Dhiren Patel, PharmD: The population that I’m specifically dealing with, within the endocrine clinic, is obviously a big percentage of what we do. But if we even take a step back and look at the broader population, I think for those who are either prediabetic or diabetic, the CDC just recently issued their diabetes report card and said that there are 86 million people. And so, you just do the math and you know that 1 in 2, or 2 in 3, are pretty much walking around and would fit into these criteria for it. But that comment regarding the economic burden—it’s not just the direct cost of diabetes, it’s a lot of the indirect costs. When we look at microvascular complications—which is something that we’ve honed in on over the years because we’ve had some long-term trials that show that if you get patients to goal early and keep them there, you’re going to prevent retinopathy, neuropathy, and nephropathy—you can kind of see the costs adding up quickly with blindness and dialysis and what have you.

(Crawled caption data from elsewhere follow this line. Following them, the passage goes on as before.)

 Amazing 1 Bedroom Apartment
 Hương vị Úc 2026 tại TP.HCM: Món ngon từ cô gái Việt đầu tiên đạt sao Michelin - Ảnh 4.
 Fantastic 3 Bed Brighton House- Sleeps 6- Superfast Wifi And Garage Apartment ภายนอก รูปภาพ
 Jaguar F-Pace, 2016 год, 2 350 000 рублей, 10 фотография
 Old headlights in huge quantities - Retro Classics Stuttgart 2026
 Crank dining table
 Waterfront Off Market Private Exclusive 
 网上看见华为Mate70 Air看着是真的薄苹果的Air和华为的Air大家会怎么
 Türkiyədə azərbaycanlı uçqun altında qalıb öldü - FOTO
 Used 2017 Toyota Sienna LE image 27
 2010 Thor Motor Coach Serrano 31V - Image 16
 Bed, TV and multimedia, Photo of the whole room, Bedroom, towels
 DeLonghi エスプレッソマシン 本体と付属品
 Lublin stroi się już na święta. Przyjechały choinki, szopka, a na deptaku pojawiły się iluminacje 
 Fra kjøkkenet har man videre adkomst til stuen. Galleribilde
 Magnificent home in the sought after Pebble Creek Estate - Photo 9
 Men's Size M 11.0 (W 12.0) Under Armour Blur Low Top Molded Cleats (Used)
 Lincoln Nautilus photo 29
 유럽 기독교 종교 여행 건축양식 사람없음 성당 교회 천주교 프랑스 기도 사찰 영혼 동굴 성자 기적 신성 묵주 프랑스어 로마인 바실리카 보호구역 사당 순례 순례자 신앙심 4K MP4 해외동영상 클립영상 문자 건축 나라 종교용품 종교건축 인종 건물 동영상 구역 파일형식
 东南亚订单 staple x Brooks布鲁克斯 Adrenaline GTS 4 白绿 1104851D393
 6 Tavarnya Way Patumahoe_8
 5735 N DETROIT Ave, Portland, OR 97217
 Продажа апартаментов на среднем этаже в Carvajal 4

More often, in recent times, we have been focusing on and shifting to cardiovascular disease, which I think is not enough. If we actually look at those microvascular complications, a small majority of patients actually die from those things. If we look at those patients who have diabetes, and look at what they’re dying from, 8 out of 10 of them are dying from a cardiovascular cause or cardiovascular disease, and so it’s really important to not just focus on the microvascular complications, but also to focus on the macrovascular complications. Now, we know that if we can affect that, it’s going to affect the long-term cost, as well.
Troy Trygstad, PharmD, MBA, PhD: So, in many ways, what you’re saying is we have 2 silent killers that are really…
Dhiren Patel, PharmD: Converging.
Troy Trygstad, PharmD, MBA, PhD: In the same neighborhood?
Dhiren Patel, PharmD: Yes.
Troy Trygstad, PharmD, MBA, PhD: And so, we’ve got some scary numbers—with respect to the proportion of a primary care practice’s effort, the economics of it, and the reduction in life.
Tripp, you’re from a small town in Missouri. What’s the impact of diabetes on the community as a whole? What do you see as you’re walking down the street to your pharmacy and as folks are walking into the pharmacy? I think it’s important for the audience to step back and think about the totality, again, of this disease state and why it’s so important for us to figure it out, treat it, and come up with prevention programs.
Tripp Logan, PharmD: I’m in the Mississippi River Delta, so when I walk down the street, I see catfish, fried chicken, and sweet tea. Not only is this a notoriously poor area of the country, all the way up and down the Mississippi River, but there is a high incidence of diabetes. The incidence is so high that in our state, Missouri, the most current dollars that are going to diabetes prevention are first offered to my part of the country. And it’s not only just in the pharmacy or in the physician’s office or in the emergency room, it’s in the neighborhoods. There are so many people who have a grandmother and a mother and an aunt who have diabetes—well, they probably do, or they have prediabetes, and it’s somebody we need to be engaging with. How do we do that? What’s the benefit for the patient? How can a pharmacy be compensated to spend time with this patient? It’s everywhere, and I don’t think we’re unique. I think we’re a unique part of the country, but I don’t think it’s a unique problem.